====== DATA SECTION

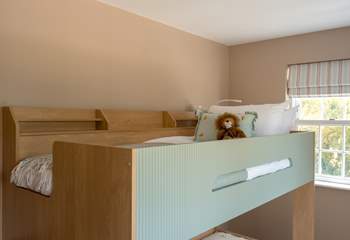 Complete with steps for ease to reach the top bunk!
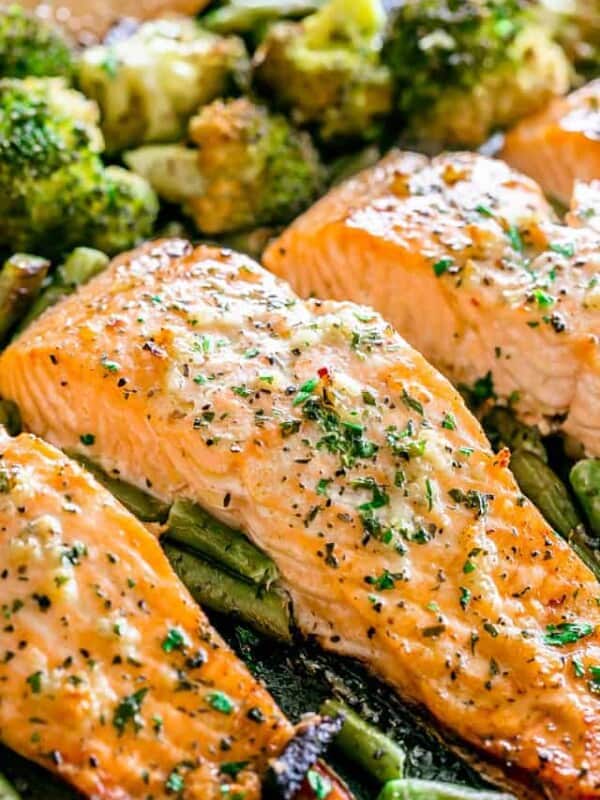 Seasoned salmon fillets baked on a sheet pan over a bed of green vegetables.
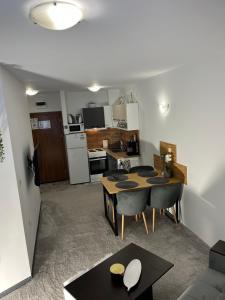 ein Wohnzimmer mit Tisch und Küche in der Unterkunft Elizi1winter apartments Pamporovo in Pamporowo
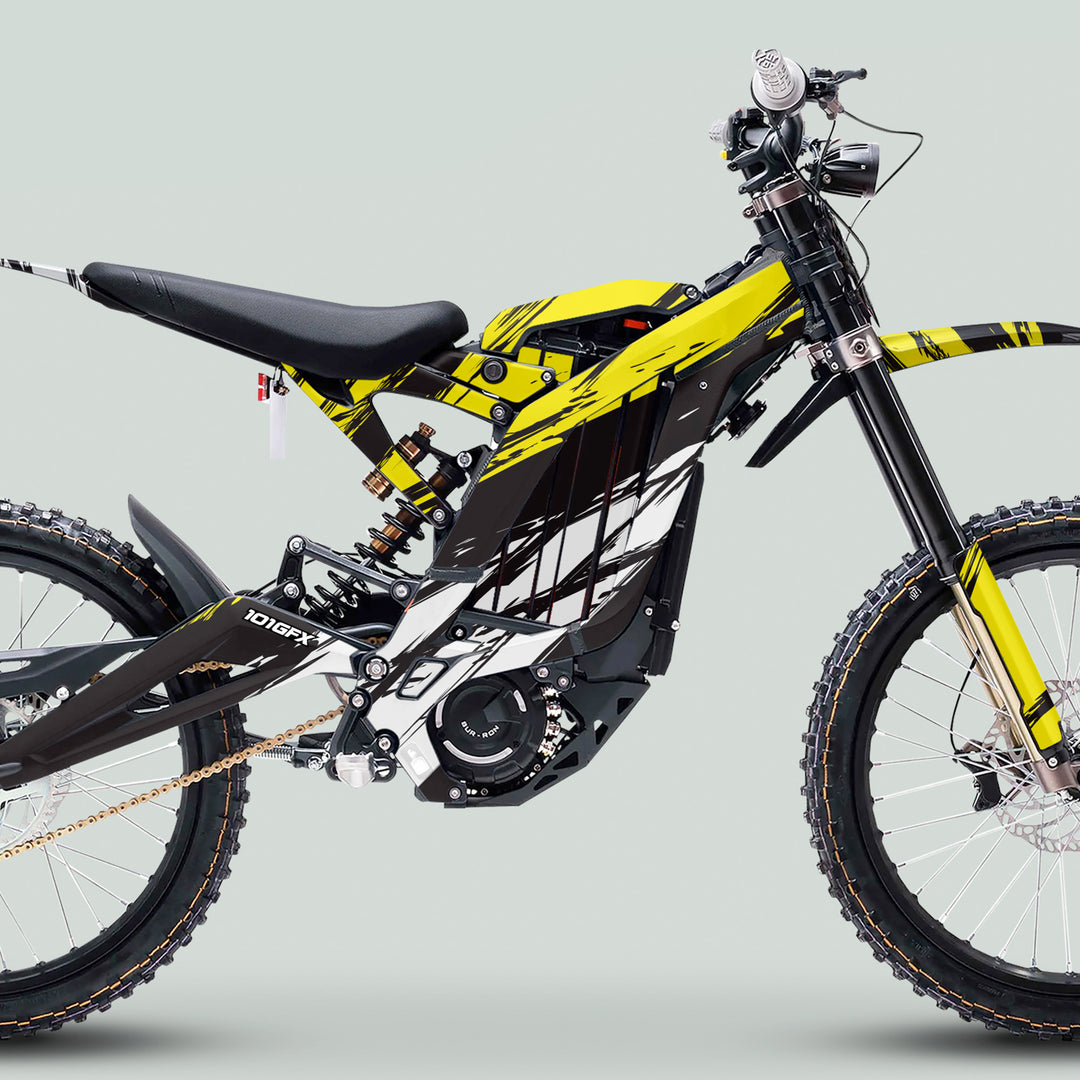Surron Light Bee X Graphics Kit SLICE BLACK Yellow on an electric moto, showcasing glossy laminated decals, knobby tires, and a sleek design for enhanced aesthetics.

============

TO DO: Ending at the line with "ein Wohnzimmer mit", reproduce exactly the lines that begin at the top of the data, and include no pictures.

FINISHED TASK:
 Complete with steps for ease to reach the top bunk!
 Seasoned salmon fillets baked on a sheet pan over a bed of green vegetables.
 ein Wohnzimmer mit Tisch und Küche in der Unterkunft Elizi1winter apartments Pamporovo in Pamporowo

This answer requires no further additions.